I went to the ocean today. The heat was severe at home. The trees, weary from the heat, curled their leaves in protest and seemed to bow to the heat as if conceding. “You win,” the trees whispered to the sun. There weren’t many at Bachman’s Beach on the south shore. I was surprised. I thought there would be hordes gathering at the water’s edge to find relief. The breeze off the water washed the heat off my skin and soothed my anxiety. I kicked off my sandals and tip-toed into the water. The water was icy cold, muscle cramping cold. I couldn’t get in much deeper than over my ankles, so instead I walked.
When I walk on the beach, I search for the perfect stone. I don’t know what qualifies as a perfect stone, but I know it when I see it. What caught my eye today was a tiny seashell not quite the size of a kernel of corn but the same colour. Its appearance caught my attention. I love anything yellow, but Sesame Street taught us – one of these things is not like the other. I picked it up, thinking it was a bit of plastic debris, but it was a perfect miniature-sized seashell. I wondered about the tiny mollusk that used to call it home and what message she might be sharing with me.
Marine mollusks, if you remember from school days, create their own hard exoskeleton, a home they carry around that protects and supports their body. The mollusk secretes calcium carbonate from its mantle to create this take-it-with-you home. This tiny mollusk spent its entire life building its home, leaving it on the beach for me to find when its use for a mobile home had ended.
Not all mollusks grow shells, but those who do build their home as all good homes are built – from the bottom up. The colour of the shell comes from the environment. Cold water does not lend itself to colourful shells the way warm water does. The spiral shape of the seashell follows a logarithmic pattern, a math equation built right into it. The shell grows with the animal and once they are done with it, the abandoned shell provides a home or attachment for algae, seagrass, and sponges.

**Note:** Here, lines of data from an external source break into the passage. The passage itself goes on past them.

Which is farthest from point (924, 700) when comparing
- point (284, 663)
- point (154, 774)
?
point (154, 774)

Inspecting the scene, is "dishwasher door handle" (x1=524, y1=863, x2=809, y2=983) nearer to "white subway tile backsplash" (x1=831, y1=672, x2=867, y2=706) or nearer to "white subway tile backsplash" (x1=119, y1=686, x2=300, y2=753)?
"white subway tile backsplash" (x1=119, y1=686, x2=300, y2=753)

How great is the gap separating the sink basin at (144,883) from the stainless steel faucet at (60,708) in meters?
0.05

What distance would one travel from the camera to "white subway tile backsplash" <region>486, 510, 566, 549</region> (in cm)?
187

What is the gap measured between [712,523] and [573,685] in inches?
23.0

The hermit crab moves into empty seashells and has been home-borrowing for over 150 million years (www.questionableevolution.com. All shells eventually dissolve, the environmentally sound materials slowly flowing back into the ocean.
Then there’s the argonaut. No, not the football playing variety or the heroes from Greek mythology, but a unique mollusk from the family of octopuses. It builds and repairs its shell using its arms, only the females, making each shell a unique design. The argonaut uses its shell as a floatation device, allowing it to return to the open ocean to explore. All other types of octopuses live on the ocean floor, needing the protection of its surroundings – a limited life for sure. We still have a lot to learn about these creatures.
There are 200,000 mollusks in the world, all creating their own version of seashells. Interesting fact – most shells open on the right – referred to as dextral shells. The rare sinistral shells open to the left. The largest collection of shells can be found on Shell Beach in Western Australia with billions of shells that cover 70 kms and is 10 metres deep. We are all tempted to collect seashells as we walk the beaches of the world. The oldest collection of seashells dates to Pompeii in 74 AD and I picture those people in my mind, strolling along beaches, their heads down, waiting for something to catch the eye. Our habit of collecting seashells began to have a negative impact on ecosystem health in the 1970s. Marine Conservationists tell us to take only photos and leave only our footprints. Good advice.
I managed to dunk myself into the icy water before heading home, just barely managing not to scream. My confession – I brought home the tiny little yellow shell. It sits in honour with my collection of stones, my Rainy Lake stone in the place of highest honour.